In grade three, her first sci-fi story was published with smudged blue ink in the school newsletter. Kez is still trying to recapture that glory.

After high school, Kez went to Japan as an exchange student. She forgot how to speak English, but did learn to stomp her feet and yell as she whacked people over the head. It’s called kendo and should be prescribed for everyone dealing with cross-cultural stress.

University in Australia not only boosted her vitamin D and taught her to speak passable English, it also gave Kez the kind of friends you’d go into Mordor with. It may have been a water fight (that got a tad out of hand) that led to the suspicious bulge in the middle of Kez Sharrow’s forehead. Or the bulge could be a sign…

After Uni, Kez got on a plane for a short-term gig teaching English in northern China. When she walked into the classroom the first time, her students stood and applauded, probably in simple astonishment at her big nose and weird blue eyes. Kez fell in love with the friendly people and amazing dumplings, but not so much the climate.  The winters were endless—and truly, they didn’t have Christmas!

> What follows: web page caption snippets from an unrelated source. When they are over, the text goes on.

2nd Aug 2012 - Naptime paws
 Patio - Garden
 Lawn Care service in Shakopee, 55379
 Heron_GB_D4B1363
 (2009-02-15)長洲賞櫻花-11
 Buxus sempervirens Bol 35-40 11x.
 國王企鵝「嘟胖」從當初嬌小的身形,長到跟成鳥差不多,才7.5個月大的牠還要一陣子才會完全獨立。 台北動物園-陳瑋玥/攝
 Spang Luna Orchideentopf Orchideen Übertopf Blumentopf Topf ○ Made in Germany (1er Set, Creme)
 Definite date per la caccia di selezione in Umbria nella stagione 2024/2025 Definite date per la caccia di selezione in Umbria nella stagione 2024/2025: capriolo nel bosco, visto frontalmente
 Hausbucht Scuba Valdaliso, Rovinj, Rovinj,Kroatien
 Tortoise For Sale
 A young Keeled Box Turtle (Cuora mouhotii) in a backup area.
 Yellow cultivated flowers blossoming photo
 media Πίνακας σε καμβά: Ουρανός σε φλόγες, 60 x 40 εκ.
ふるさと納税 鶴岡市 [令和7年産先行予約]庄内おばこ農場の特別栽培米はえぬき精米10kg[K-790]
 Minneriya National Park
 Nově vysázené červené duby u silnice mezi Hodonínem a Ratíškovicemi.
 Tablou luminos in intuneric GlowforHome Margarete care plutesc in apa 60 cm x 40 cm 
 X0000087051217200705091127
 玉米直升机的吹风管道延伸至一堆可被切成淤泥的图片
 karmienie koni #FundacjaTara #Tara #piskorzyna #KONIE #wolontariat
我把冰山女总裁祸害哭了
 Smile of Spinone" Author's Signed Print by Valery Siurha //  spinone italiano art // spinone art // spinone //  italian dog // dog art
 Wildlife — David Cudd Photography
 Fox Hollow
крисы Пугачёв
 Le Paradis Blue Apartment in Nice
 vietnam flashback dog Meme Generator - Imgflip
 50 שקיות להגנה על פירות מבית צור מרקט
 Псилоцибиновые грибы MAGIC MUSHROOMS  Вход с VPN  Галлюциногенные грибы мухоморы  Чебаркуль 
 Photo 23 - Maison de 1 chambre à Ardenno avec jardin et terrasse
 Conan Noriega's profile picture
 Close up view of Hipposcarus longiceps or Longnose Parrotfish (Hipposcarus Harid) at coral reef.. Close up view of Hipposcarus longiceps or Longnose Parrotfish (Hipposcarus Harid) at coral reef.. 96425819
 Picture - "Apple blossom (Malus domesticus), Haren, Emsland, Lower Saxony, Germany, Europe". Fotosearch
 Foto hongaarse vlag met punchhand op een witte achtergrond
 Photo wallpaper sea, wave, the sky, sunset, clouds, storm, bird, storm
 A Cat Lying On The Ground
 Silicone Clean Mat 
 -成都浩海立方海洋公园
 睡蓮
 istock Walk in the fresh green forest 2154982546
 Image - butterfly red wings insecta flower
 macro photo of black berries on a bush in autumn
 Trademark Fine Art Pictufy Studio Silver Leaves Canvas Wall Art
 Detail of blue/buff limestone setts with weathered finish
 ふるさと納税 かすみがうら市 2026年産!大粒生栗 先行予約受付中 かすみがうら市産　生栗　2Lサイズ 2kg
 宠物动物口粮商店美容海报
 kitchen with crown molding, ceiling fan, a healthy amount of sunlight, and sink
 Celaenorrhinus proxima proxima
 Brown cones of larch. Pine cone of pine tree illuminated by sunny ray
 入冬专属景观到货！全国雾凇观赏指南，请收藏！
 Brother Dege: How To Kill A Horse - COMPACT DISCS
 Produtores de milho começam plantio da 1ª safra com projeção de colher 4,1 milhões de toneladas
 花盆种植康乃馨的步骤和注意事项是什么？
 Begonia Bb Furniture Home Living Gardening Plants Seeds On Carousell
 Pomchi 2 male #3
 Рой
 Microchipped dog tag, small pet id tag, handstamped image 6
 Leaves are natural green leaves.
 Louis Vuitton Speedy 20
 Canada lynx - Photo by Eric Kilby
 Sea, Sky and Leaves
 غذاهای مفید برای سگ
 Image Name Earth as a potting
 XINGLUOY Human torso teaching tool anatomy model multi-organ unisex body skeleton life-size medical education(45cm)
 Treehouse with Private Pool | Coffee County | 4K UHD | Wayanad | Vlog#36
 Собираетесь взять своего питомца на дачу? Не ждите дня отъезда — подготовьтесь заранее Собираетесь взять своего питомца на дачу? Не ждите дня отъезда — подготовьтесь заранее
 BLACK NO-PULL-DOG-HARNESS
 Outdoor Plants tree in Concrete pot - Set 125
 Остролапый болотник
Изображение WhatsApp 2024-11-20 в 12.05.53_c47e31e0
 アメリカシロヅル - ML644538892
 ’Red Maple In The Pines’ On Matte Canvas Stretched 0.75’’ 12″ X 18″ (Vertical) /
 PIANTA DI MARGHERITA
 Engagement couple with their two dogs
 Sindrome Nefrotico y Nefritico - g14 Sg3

Kez Sharrow’s “short-term in China” plan was upended by a tall American who took her on a two-day train ride to Hong Kong as a first date and ended up giving her a ring under the full moon at Star Sea Beach.

Hundreds of steamed dumplings later, they moved to the U.S. for graduate school, where Kez’s accent was corrupted beyond redemption. She also started writing stories.

The Makarian Tales were born soon after Kez’s first child. That year, she asked Jesus what he would like for Christmas, and began to write a story just for him. On long runs beside frozen fields deep in rural China, Makaria and its inhabitants unfolded in her mind. A dream of sea dragons jolted the stories out of her head and onto the page.

Jesus didn’t get his Christmas present that year. Kez moved to the city of stinky tofu, then to the city of hot dry noodles, added two more children to her hobbit-hole, and found her writing time decreased to decimals.

While Kez homeschooled her three amazing third culture kids her own story languished, a meandering monstrosity that lurked in her laptop, taunting her at odd times.

A friend in shining armor rescued the story by suggesting Kez divide it into parts. The first tale then came into focus as “Scattered Petals, Shadowed Sea.” It is currently losing weight in revision, wanting to make a good impression when it meets you, hopefully very soon.